В каких только поворотах не изучался Шерлок Холмс, будто он в самом деле жил и действовал! Нашлись исследователи, которые с необычайным энтузиазмом и тщанием привели в хронологический порядок его биографию, постарались по косвенным намекам восстановить в его существовании все то, что выходит за пределы разбираемых им таинственных происшествий. Установили, что ему нравилось и не нравилось, чем он увлекался и что недолюбливал, каковы были его взгляды на религию и взаимоотношения с женщинами. Наконец, те же добросовестные исследователи указали… профессиональные ошибки маэстро.

И Шерлок Холмс, оказывается, ошибался, но не только потому, что "на всякого мудреца довольно простоты"; некоторые его промахи на совести Конан Дойля, который не всегда мог соблюсти совершенную строгость и стройность в умозаключениях своего героя.

Так случалось, если автор вторгался в область специальную, и тогда "соколиное зрение" не спасало Шерлока Холмса перед судом знатока. Фиаско в этом смысле Конан Дойль потерпел с рассказом "Серебряный" - о пропаже классного скакуна и убийстве тренера. Позднее писатель чистосердечно признался, что ничего не понимал в ипподромном быте и взял скаковой мир лишь как эффектную площадку для действия. Истинные знатоки тотчас различили невежество и не могли этого простить. И тот, который понимал скачки как следует, учинил Конан Дойлю в спортивном отделе одной из газет полный разнос. Писатель оценил ревность конника-энтузиаста, не спорил, не отпирался, но и не сдавал своих позиций. Он знал, что им однажды и навсегда найден в поведении Шерлока Холмса тон психологической убедительности, который уберегает его от мелочных придирок. "Накануне вечером, как обычно, лошадей тренировали и купали, и конюшни были заперты в девять часов", - что же, пусть "обычно" лошадей тренируют и купают по утрам, и в девять часов утра, а не вечера скаковой ипподром уже замирает, но сюжет, но суть происходящего требовала сумерек - и был вечер. Ведь не хотели же верить в натуральную змею на сцене, а макет выглядел, как живая змея.

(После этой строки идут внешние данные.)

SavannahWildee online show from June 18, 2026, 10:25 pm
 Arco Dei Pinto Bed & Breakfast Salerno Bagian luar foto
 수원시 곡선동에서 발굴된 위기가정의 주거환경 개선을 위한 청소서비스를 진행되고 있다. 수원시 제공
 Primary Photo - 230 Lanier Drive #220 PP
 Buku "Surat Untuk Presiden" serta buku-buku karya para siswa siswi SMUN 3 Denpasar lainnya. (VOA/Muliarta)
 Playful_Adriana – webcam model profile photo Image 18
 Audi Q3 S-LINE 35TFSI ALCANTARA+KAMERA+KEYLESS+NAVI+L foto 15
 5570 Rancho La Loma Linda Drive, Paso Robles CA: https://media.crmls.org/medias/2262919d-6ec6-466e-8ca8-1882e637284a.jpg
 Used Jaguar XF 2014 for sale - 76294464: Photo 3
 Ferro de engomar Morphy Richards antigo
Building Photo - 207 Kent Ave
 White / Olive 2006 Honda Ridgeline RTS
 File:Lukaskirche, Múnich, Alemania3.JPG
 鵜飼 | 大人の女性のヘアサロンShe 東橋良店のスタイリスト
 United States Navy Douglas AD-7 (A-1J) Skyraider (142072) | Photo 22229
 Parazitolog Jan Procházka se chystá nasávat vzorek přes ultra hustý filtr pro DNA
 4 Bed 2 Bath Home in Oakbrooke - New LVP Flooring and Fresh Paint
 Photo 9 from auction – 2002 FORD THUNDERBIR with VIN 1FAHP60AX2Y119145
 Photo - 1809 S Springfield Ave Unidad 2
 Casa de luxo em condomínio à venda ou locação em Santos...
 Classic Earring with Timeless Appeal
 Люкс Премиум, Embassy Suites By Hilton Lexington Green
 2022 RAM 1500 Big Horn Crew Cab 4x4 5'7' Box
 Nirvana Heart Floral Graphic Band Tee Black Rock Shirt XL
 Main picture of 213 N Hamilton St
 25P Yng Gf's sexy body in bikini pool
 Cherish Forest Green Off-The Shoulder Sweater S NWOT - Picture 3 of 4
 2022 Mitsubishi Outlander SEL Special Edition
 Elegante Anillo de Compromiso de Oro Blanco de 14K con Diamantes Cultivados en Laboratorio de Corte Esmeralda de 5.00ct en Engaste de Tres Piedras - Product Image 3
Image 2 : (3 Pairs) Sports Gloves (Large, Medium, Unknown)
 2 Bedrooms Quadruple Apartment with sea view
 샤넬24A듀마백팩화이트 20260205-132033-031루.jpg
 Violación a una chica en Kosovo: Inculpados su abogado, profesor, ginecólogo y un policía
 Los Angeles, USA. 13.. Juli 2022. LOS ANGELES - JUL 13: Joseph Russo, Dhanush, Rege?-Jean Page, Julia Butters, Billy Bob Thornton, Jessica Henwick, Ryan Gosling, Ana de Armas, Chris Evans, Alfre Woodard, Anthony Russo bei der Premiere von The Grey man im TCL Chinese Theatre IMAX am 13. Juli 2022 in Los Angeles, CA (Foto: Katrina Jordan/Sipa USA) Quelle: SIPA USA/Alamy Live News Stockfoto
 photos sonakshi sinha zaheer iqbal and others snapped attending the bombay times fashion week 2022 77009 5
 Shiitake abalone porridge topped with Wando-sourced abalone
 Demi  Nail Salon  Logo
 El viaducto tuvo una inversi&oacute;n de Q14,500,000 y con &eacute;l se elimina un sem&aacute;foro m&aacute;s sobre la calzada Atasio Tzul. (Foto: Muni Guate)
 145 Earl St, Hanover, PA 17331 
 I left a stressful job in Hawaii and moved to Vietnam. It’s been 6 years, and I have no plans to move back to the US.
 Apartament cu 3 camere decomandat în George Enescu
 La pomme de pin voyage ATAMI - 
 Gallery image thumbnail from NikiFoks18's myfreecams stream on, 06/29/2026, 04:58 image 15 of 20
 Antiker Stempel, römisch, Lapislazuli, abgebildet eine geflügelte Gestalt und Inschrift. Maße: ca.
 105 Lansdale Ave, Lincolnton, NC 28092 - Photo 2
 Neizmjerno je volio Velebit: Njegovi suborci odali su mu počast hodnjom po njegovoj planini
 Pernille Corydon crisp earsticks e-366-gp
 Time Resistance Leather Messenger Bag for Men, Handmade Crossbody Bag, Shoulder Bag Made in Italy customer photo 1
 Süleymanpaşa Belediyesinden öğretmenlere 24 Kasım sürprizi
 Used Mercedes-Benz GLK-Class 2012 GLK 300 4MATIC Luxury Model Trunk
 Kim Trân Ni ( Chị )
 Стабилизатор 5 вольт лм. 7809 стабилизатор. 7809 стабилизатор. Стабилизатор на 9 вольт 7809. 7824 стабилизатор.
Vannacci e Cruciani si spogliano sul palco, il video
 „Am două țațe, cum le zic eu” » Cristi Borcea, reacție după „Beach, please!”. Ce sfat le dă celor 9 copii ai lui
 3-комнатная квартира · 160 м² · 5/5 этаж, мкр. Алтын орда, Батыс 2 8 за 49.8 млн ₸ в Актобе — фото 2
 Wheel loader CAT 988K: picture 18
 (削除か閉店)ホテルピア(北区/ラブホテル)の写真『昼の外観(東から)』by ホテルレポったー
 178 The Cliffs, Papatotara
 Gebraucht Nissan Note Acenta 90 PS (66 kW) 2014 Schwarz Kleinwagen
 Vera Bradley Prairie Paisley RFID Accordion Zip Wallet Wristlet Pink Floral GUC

Еще раз Шерлока Холмса поймали на слове, когда в рассказе "Случай в интернате" он с присущей ему уверенностью определяет, между прочим, по следу велосипедных колес, в какую сторону ехал человек.

- Это невозможно! - стали говорить Конан Дойлю. - След переднего и заднего колеса совершенно одинаков!

Тут Конан Дойля взяло за живое, потому, должно быть, что он сам был заядлым велосипедистом. Он решил проверить это на опыте, и оказалось, что Шерлок Холмс был прав!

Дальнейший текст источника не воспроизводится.